KMVE
- California City, California; United States;
- Broadcast area: Antelope Valley
- Frequency: 106.9 MHz
- Branding: Country 106.9, The AV's Best Country

Programming
- Format: Country

Ownership
- Owner: High Desert Broadcasting; (High Desert Broadcasting LLC);
- Sister stations: KCEL, KGMX, KKZQ, KOSS, KQAV, KUTY

History
- First air date: May 22, 1999; 27 years ago (as KCEL)
- Former call signs: KCEL (1997–2009)

Technical information
- Licensing authority: FCC
- Facility ID: 33526
- Class: A
- ERP: 2,350 watts
- HAAT: 159 meters (522 ft)
- Transmitter coordinates: 35°12′44″N 117°45′11″W﻿ / ﻿35.21222°N 117.75306°W

Links
- Public license information: Public file; LMS;
- Webcast: Listen Live
- Website: country1069.com

= KMVE =

KMVE (106.9 FM) is a commercial radio station that is licensed to California City, California, United States and serves the Antelope Valley area. The station is owned by High Desert Broadcasting and broadcasts a country music format.

==History==
The station first signed on May 22, 1999 as KCEL (106.9 K-Cell). Owned by Kathryn J. Efford, it aired a variety format focusing on jazz, country music, and oldies. KCEL hosted many local specialty shows from its studios in California City, including one on Wednesday evenings that showcased rock music.

In September 2003, KCEL switched to a full-time oldies format. This lasted until the following month, when Efford sold the station to High Desert Broadcasting for $500,000. The new owner then flipped KCEL to a regional Mexican format.

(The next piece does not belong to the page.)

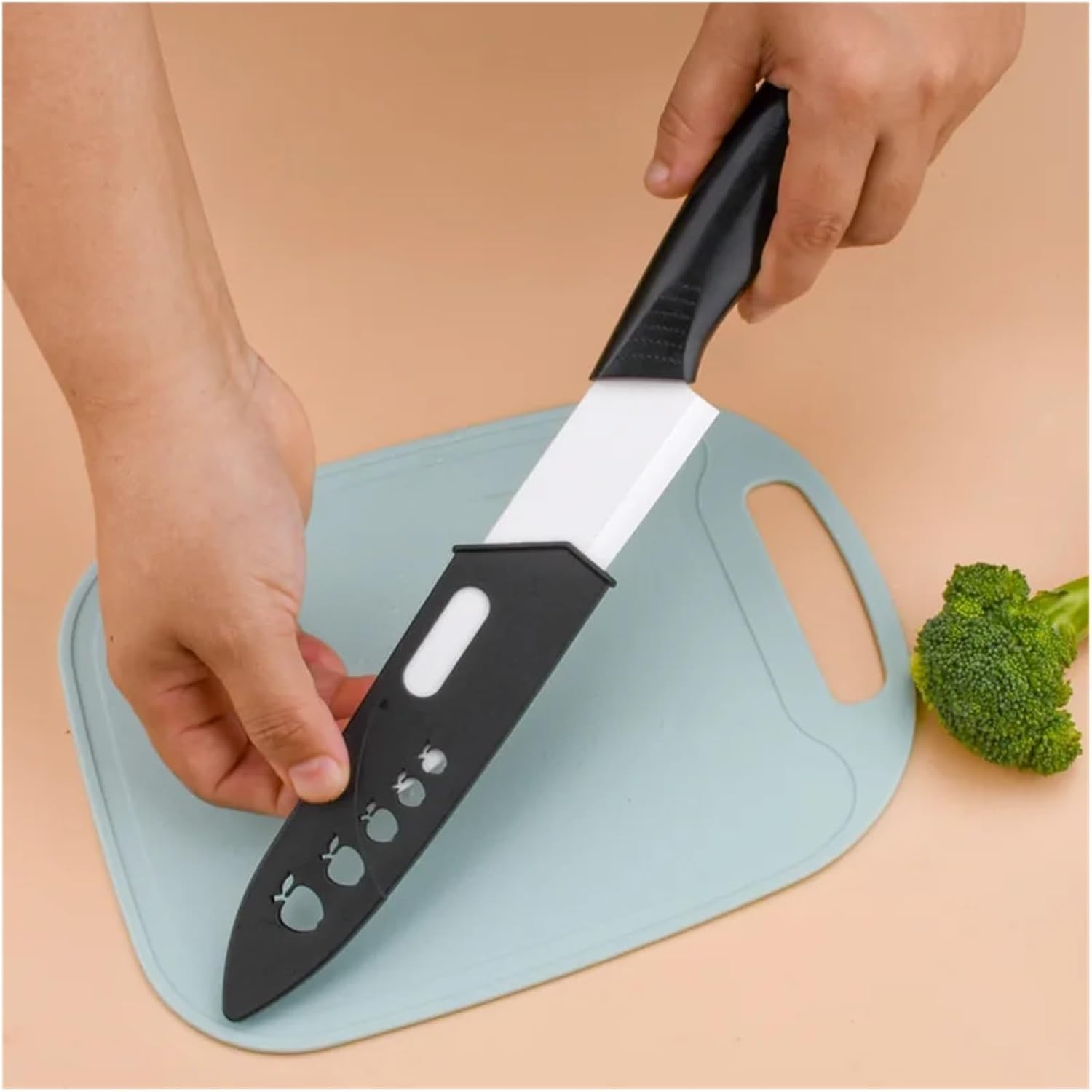 Fit for Ceramic Kitchen Knife Set - 3", 4", 5" Non-Slip Fruit and Food Cutting Knives with Sleeve(3pcs)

On January 1, 2009, KCEL swapped frequencies with sister station KMVE on 96.1 FM. With the move, 106.9 FM assumed the KMVE call letters and began airing a classic hits format now branded as "Classic Top 40 106.9".

In 2011, High Desert Broadcasting assigned KMVE to Mojave Radio LLC, owned by Keith Yokomoto, for $100. The station retained the classic hits format.

In June 2019, KMVE dropped classic hits and began simulcasting sister station KGMX (106.3 FM) and its top 40 format.